Image-caption web data
--- START ---
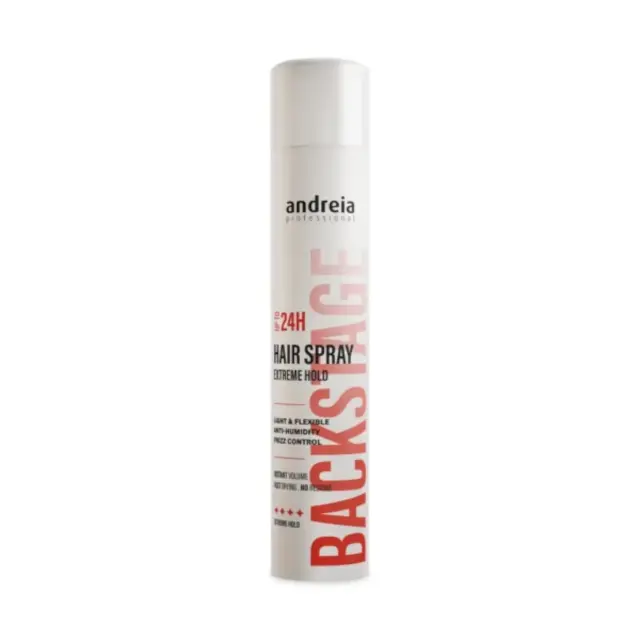 Andreia Hair Spray Extreme Hold 100ml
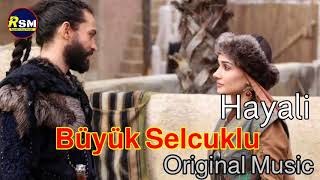 Uyanış Büyük Selçuklu Hayali Original Music | Uyanış Büyük Selçuklu SoundTrack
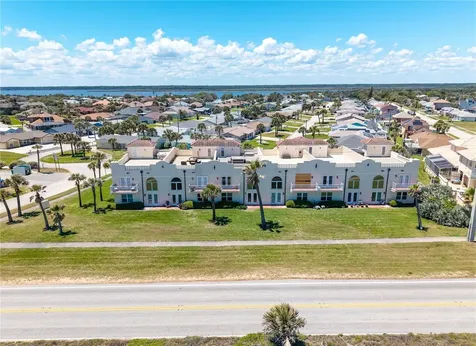 3400 Ocean Shore Boulevard Ormond Beach FL 32176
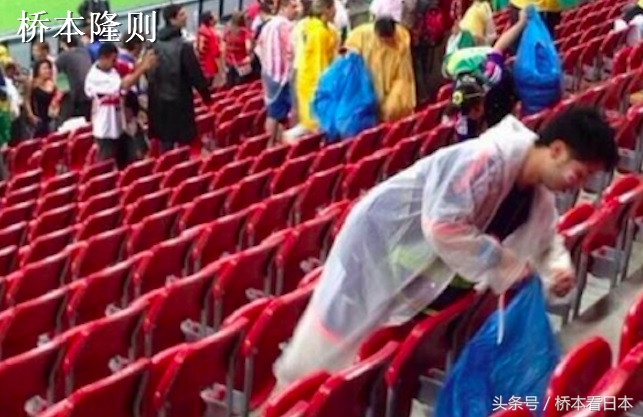 日本足球赢得尊重,日本赢了球迷反应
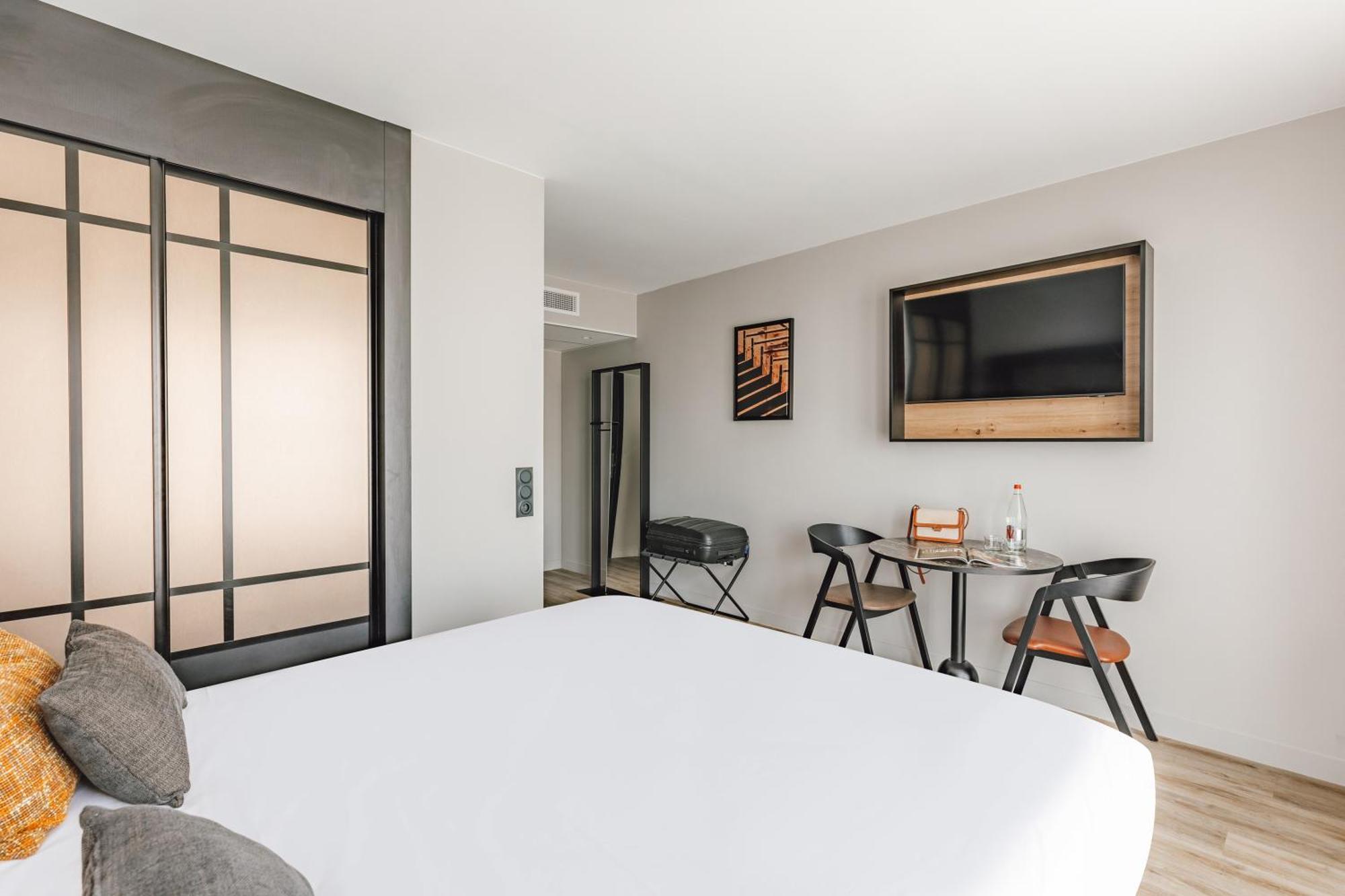 Appart'city Collection Gare De Lyon 4*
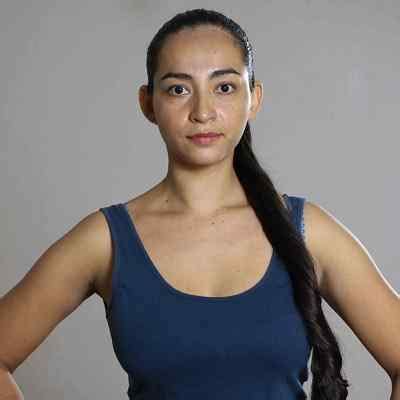 Dalia Hernández Bio Age Net Worth Height Single Nationality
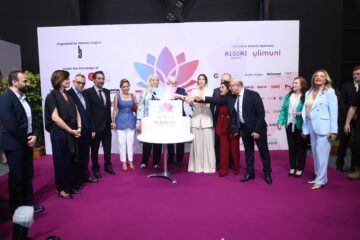 منتدى الجمال والصحة النفسية والجسدية ينطلق بنسخته الثانية بنجاح كبير في قلب بيروت هنادي داغر : عدنا لنثبت أن الشعب اللبناني لا يموت ومهمّتنا تصدير الجمال والإبداع اللبناني إلى العالم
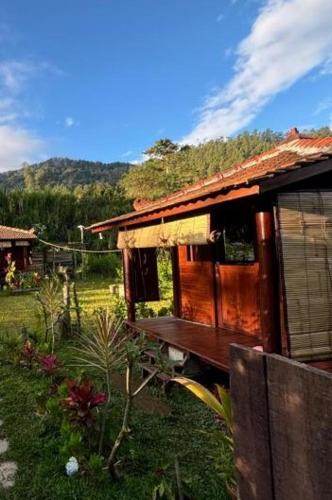 Bedugul House | Yucan Ecostay Bedugul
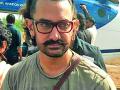 जलक्रांतीसाठी लोकचळवळ उभी राहणे गरजेचे - आमिर खान - Marathi News | Need to stay active for water revolution - Aamir Khan | Latest buldhana News at Lokmat.com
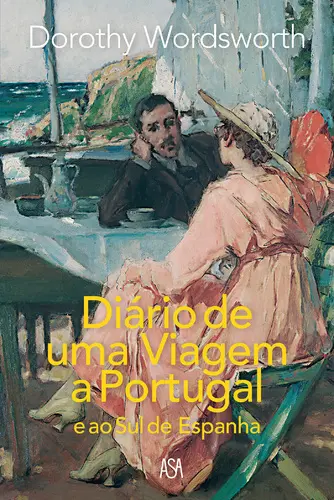 Diário viagem a Portugal  Sul de - (Imagem 1 de 1)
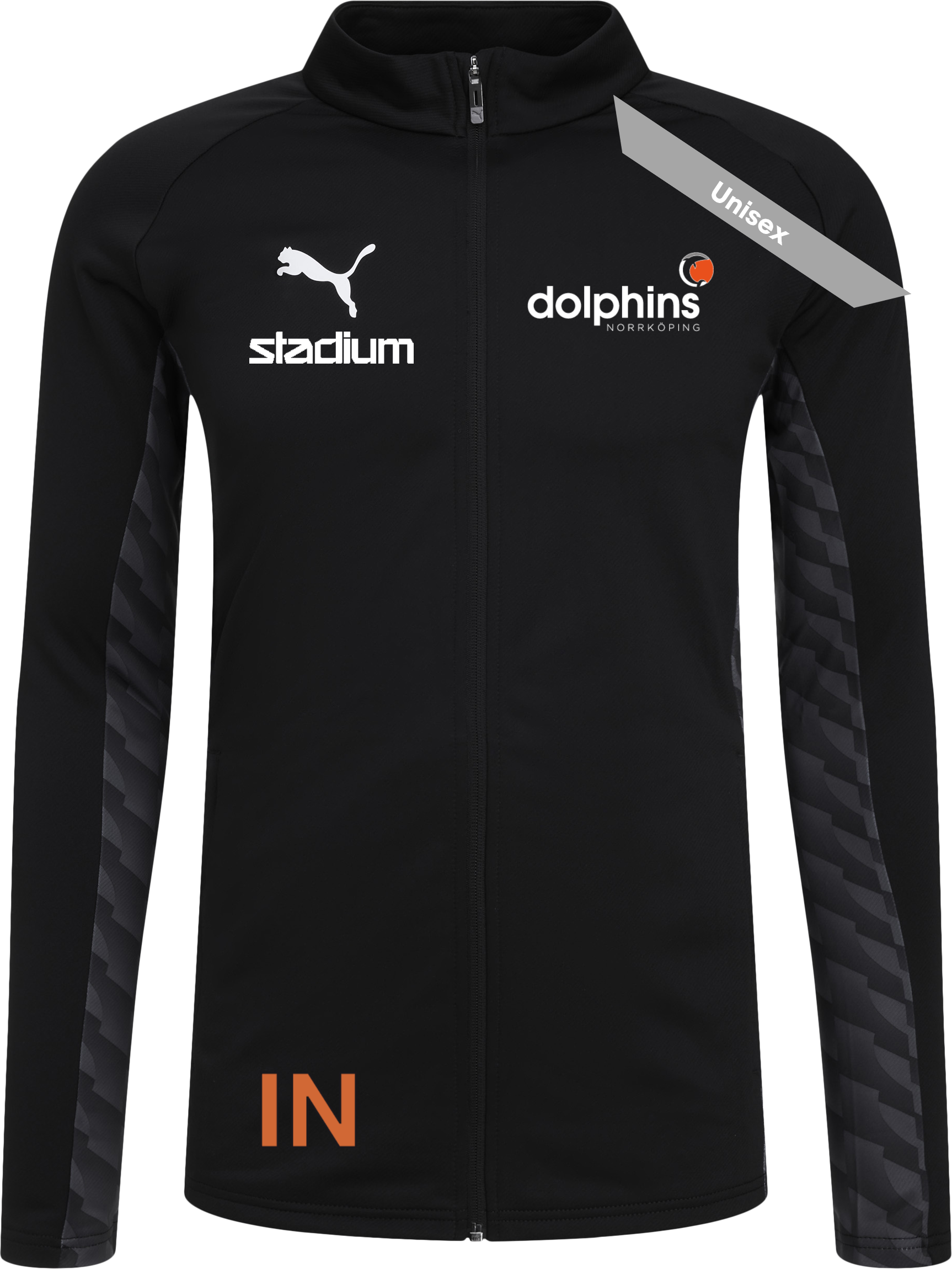 
PUMA, 
TEAMLIGA26 TRAINING JACKET, 
Detail 1
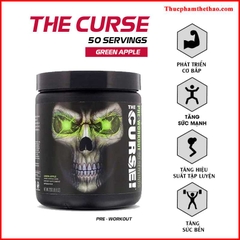 THE CURSE (50 Servings)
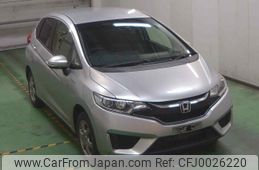 honda fit 2016 -HONDA--Fit GP6--3304410---HONDA--Fit GP6--3304410-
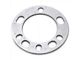 1/4-Inch 5 and 6-Lug Wheel and Brake Spacers; Set of 4 (76-86 Jeep CJ7)
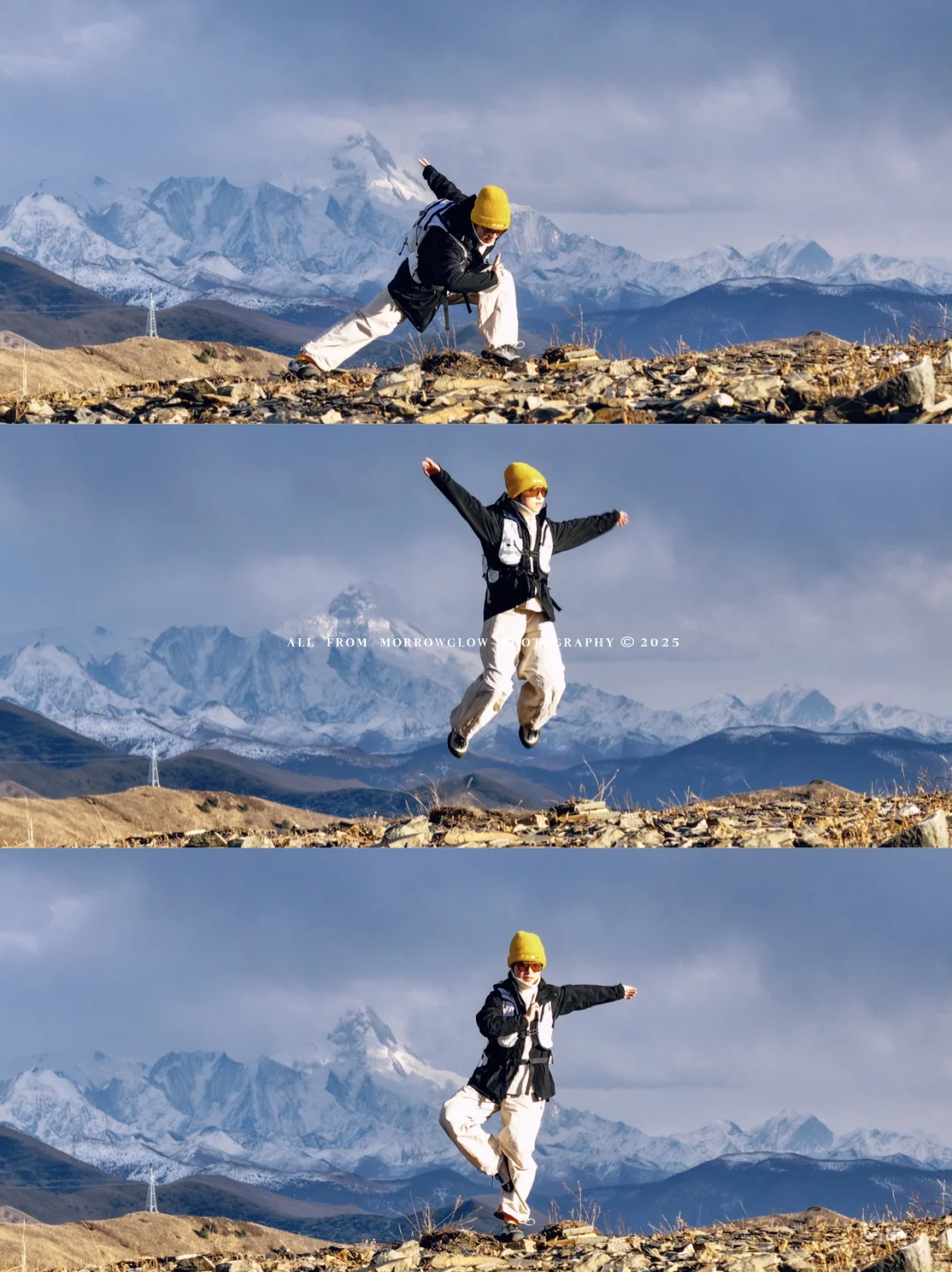 不挤鱼子西，这个免费小众观景台更出片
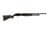 Savage 320 Pump Shotgun - 20 GA, 26" Barrel, Matte Black Finish thumbnail 5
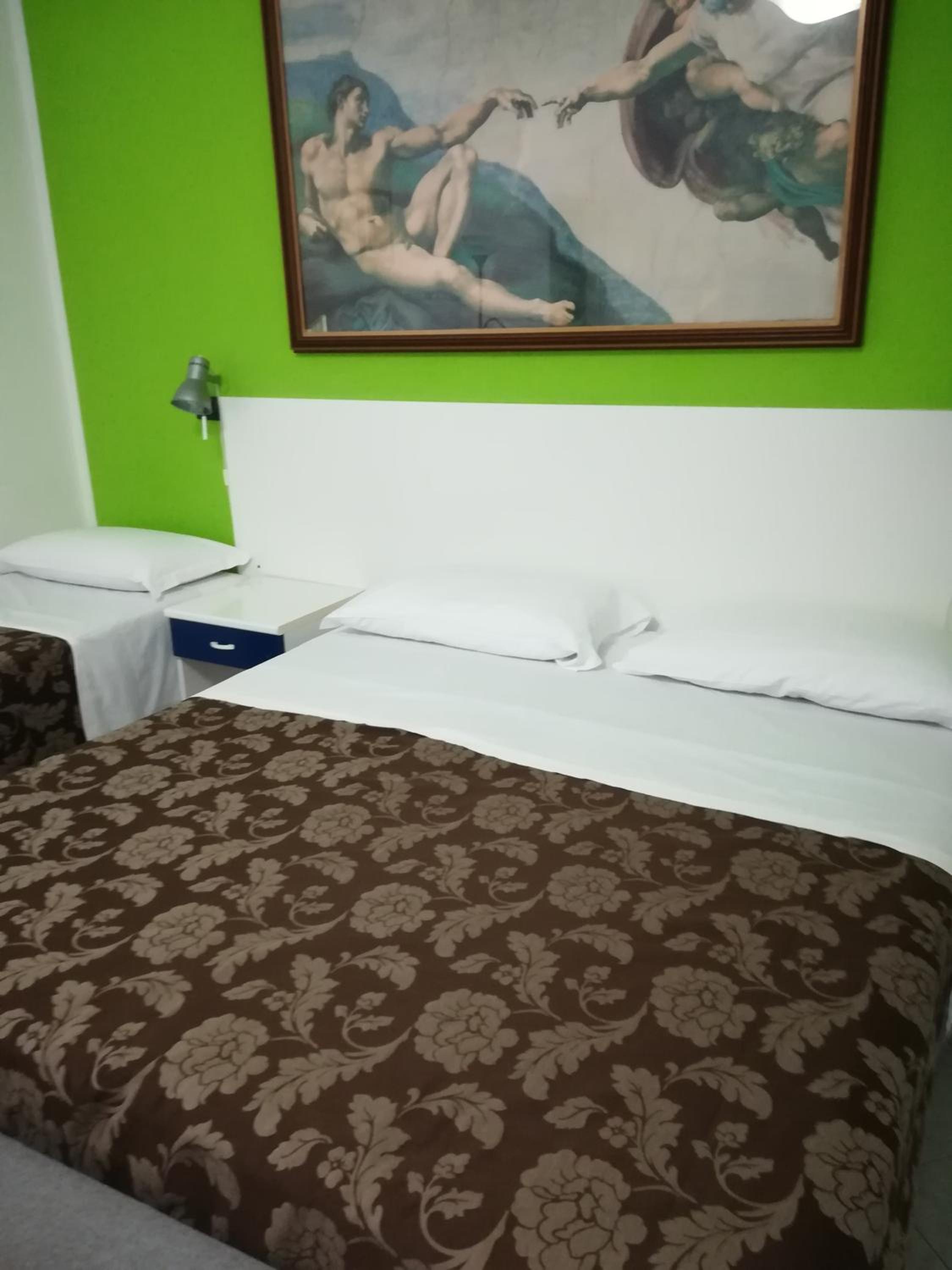 Quadruple Room photo 2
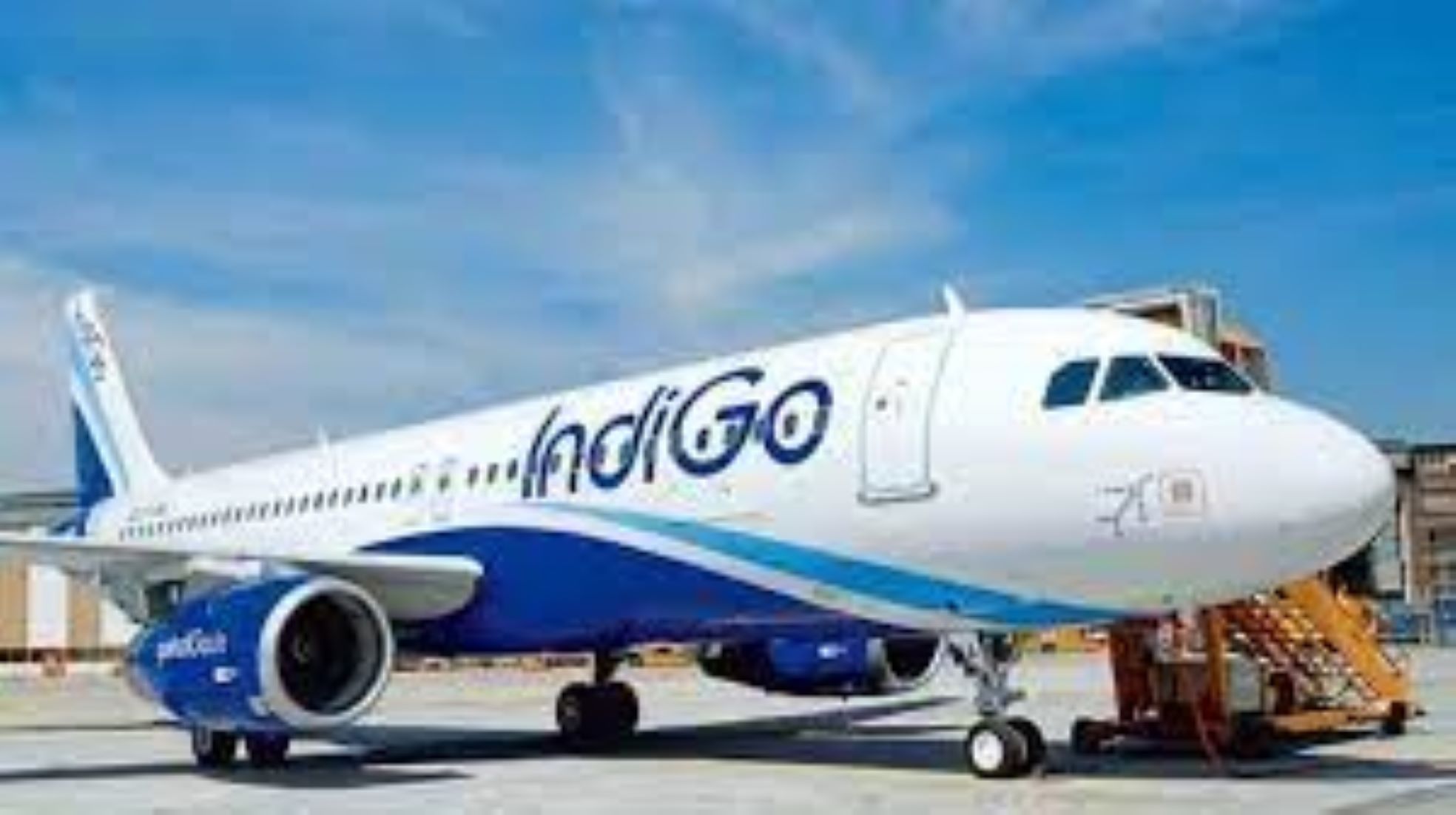 India’s IndiGo Airline Places Order For 500 Airbus A320 Aircraft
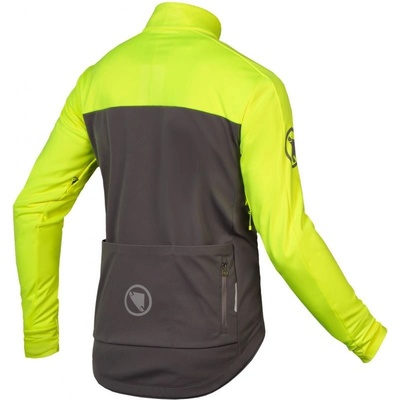 ENDURA Windchill II Yellow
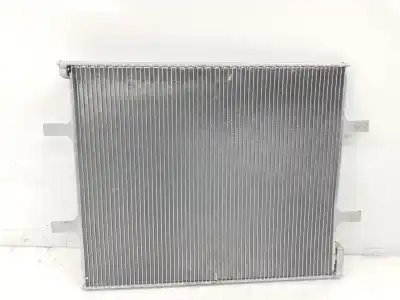 Peça sobressalente para automóvel em segunda mão condensador / radiador de ar condicionado por volkswagen sin definir sin definir referências oem iam 1ea816515a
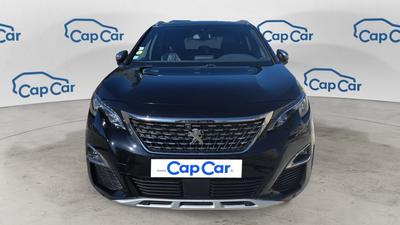 Peugeot 5008 2.0 BlueHDi 180 Eat8 Gt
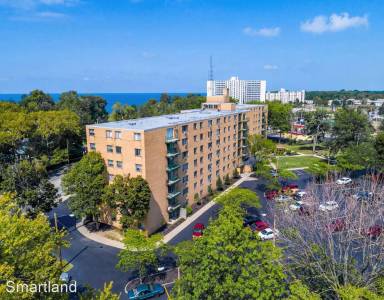 Main picture of Shorewood Apartments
--- END ---
Repeat each line word for word, from the one with "不挤鱼子西，这个免费小众观景台更出片" down to the last line of the data, and keep the pictures out of it.

 不挤鱼子西，这个免费小众观景台更出片
 Savage 320 Pump Shotgun - 20 GA, 26" Barrel, Matte Black Finish thumbnail 5
 Quadruple Room photo 2
 India’s IndiGo Airline Places Order For 500 Airbus A320 Aircraft
 ENDURA Windchill II Yellow
 Peça sobressalente para automóvel em segunda mão condensador / radiador de ar condicionado por volkswagen sin definir sin definir referências oem iam 1ea816515a
 Peugeot 5008 2.0 BlueHDi 180 Eat8 Gt
 Main picture of Shorewood Apartments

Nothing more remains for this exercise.